Peter Robinson: All right. And six decades later, when there is still somehow this notion, we played a clip from "JFK" about the conspiracy, but "JFK" also has a lot of references to the conservative or hateful atmosphere in Dallas, so that's still in that movie as well. This notion that somehow or other, John Kennedy was a martyr to some ugly right wing or bigoted streak in America, and this book says, "No, the man who killed him was, to the extent that he believed anything, a Marxist." Is that correct?
Paul Gregory: Yes.
Peter Robinson: All right, Paul, you conclude by mentioning, I'm going to quote this from "The Oswalds." "I sent Marina," and Marina who is still alive, remarried, and has lived out of the public eye. One can imagine that if you, yourself, having spent a summer with Lee Harvey Oswald have remained mostly quiet about that for the last six decades, she wants to stay, she's led a reclusive life. I think that's fair to say. "I sent Marina an early draft of this book, and I spoke with her husband who protects her from those who wish to exploit her. It was clear that he did not want me to speak with Marina. I respected his wishes. Instead, I decided to write Marina a letter, to which I have received no response."
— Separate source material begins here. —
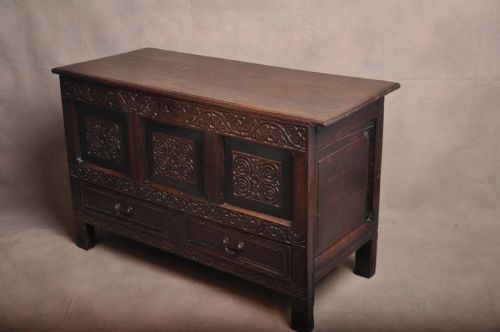 17TH CENTURY OAK COFFER - ADDITIONAL PHOTO 8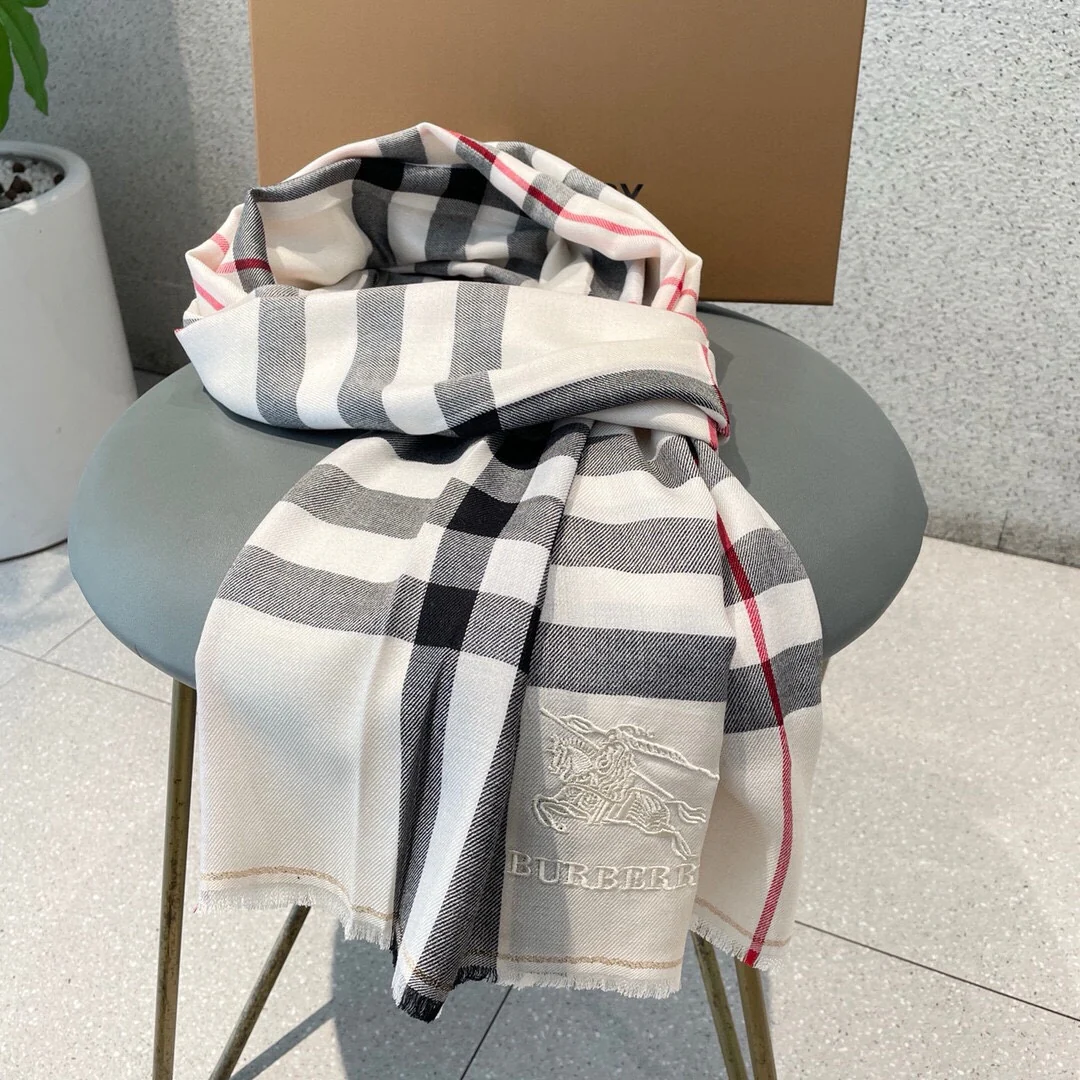 Классический клетчатый шарф Burberry 2024 года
Paul Gregory: Well, this is a full page, so the viewers have to be patient. I wrote, "Dear Marina, I talked to your husband, Ken. He said he would pass along my greetings. It has been more than 50 years since we saw each other. I went on to become a university professor." I thought she'd be interested what happened to me. "University professor specializing in Russia. I've taught for almost 50 years at the University of Houston and have served as a fellow at the Hoover Institution of Stanford University for 15 years. My historian colleagues, including Peter, convinced me that I should write about my time together with you and Lee to help complete the historical record. I was one of the few who knew the two of you when you arrived, and we spent a considerable amount of time together, which I remember fondly," which is true. "After November 22nd, 1963, I pretty much kept quiet about what had happened, as did my whole family. My father passed in 1982, my mother in 1987. It was only then that I was even able to think about writing this. I hope that you have had a good life in America after such a tragic start. My regards."
Peter Robinson: Paul Gregory, author of "The Oswalds," thank you.
Paul Gregory: Thank you.
Peter Robinson: For "Uncommon Knowledge", the Hoover Institution, and Fox Nation, I'm Peter Robinson.